RDC暑假项目需求:爬取牛客网招聘信息
暑假工作室的合作项目,需求是爬取牛客网计算机行业岗位信息,第一次用scrapy做合作项目,代码有瑕疵还请指教!
前言
Author: Ray
数据来源:牛客网 (https://www.nowcoder.com/)
搜索条件筛选:实习,广州
搜索量:由于牛客网搜索机制的原因,为了让结果更可能的准确,页面最多为5页
搜索项:前端、后端,后台、Android、大数据,算法
(搜索结果中多为字节跳动的JD,可能与牛客网有合作关系。。

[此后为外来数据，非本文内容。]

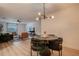 Bright dining area with modern light fixture and open access to the living room and kitchen at 4768 Tangerine Ave # 4768, Winter Park, FL 32792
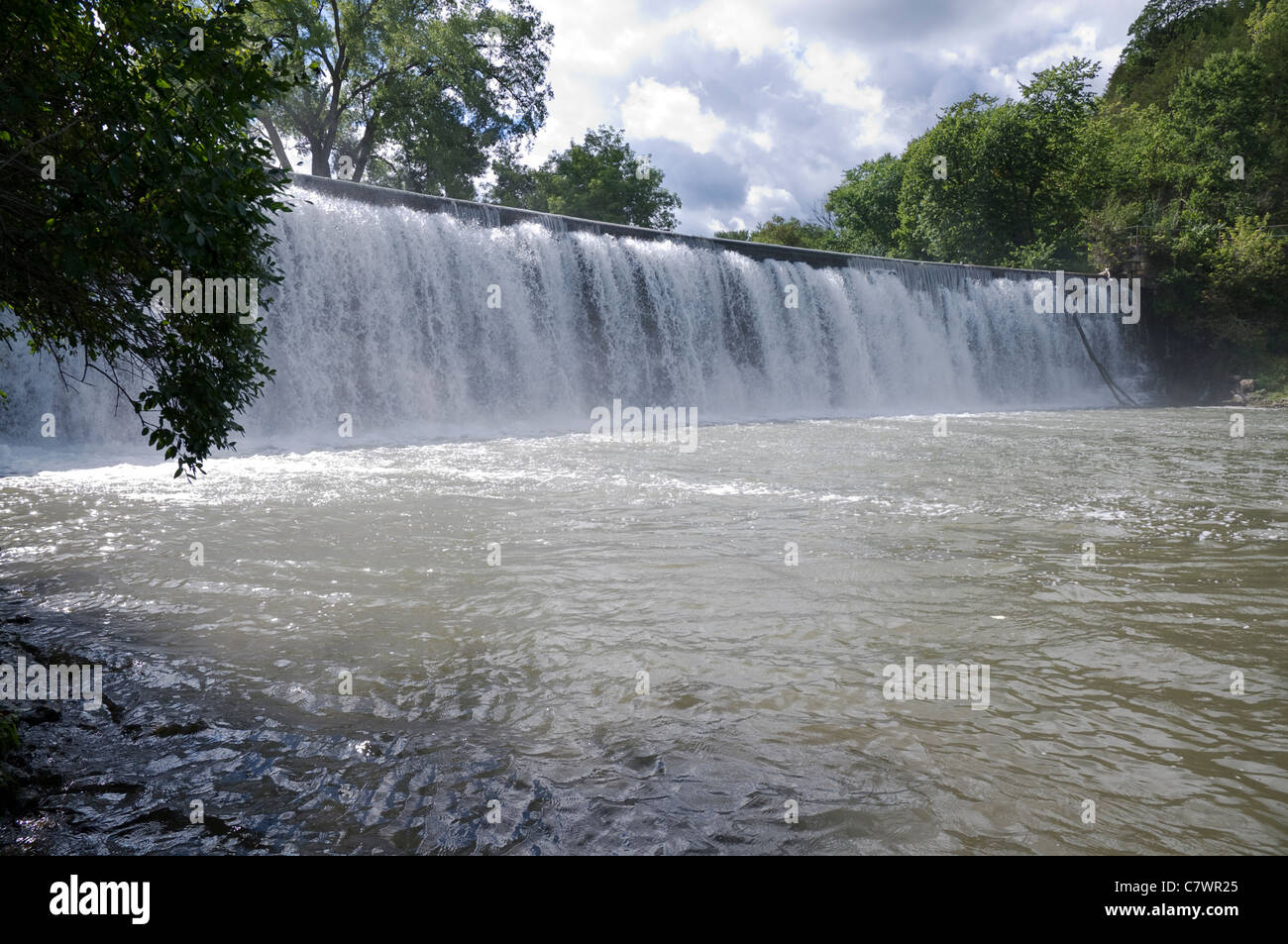 rushing waters at base of root river dam and waterfall in lanesboro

)
字段说明:(共24项)
projectID:项目ID
jobID:岗位在所属项目下的ID
job:岗位名称
job_type:岗位类型
company:企业名称
location:工作地点
salary:薪酬
attendance:实习要求
regular_chance:转正机会
company_type:企业类型
fund:资金状况
center:总部
duty:岗位职责
requirement:岗位要求
hrID:未知的特别信息
publisher_ID:该招聘信息发布者ID
publisher_name:该招聘信息发布者用户名
average_resume_processing_rate:平均简历处理率
current_resume_processing_rate:当前简历处理率
average_resume_processing_time:平均简历处理时间
current_resume_processing_time:当前简历处理时间
test:牛客网上笔试题目数目
interview_comment:面试短评数目
interview_experience:面经数目
code
spider:
# Author: Ray
# 数据来源:牛客网 (https://www.nowcoder.com/)
import scrapy
# from scrapy.spiders import Spider
from nowcoder.items import NowcoderItem
import re
import time
# scrapy crawl recruit -o recruit.csv
class RecruitSpider(scrapy.Spider):
name = 'recruit'
allowed_domains = ['nowcoder.com']
start_urls = ['https://www.nowcoder.com']
def start_requests(self):
base_url = 'https://www.nowcoder.com/intern/center?city=广州&recruitType=1&query='
# 搜索结果为牛客网默认排序
# searchbox = ['前端', '后端', 'Android','大数据,算法']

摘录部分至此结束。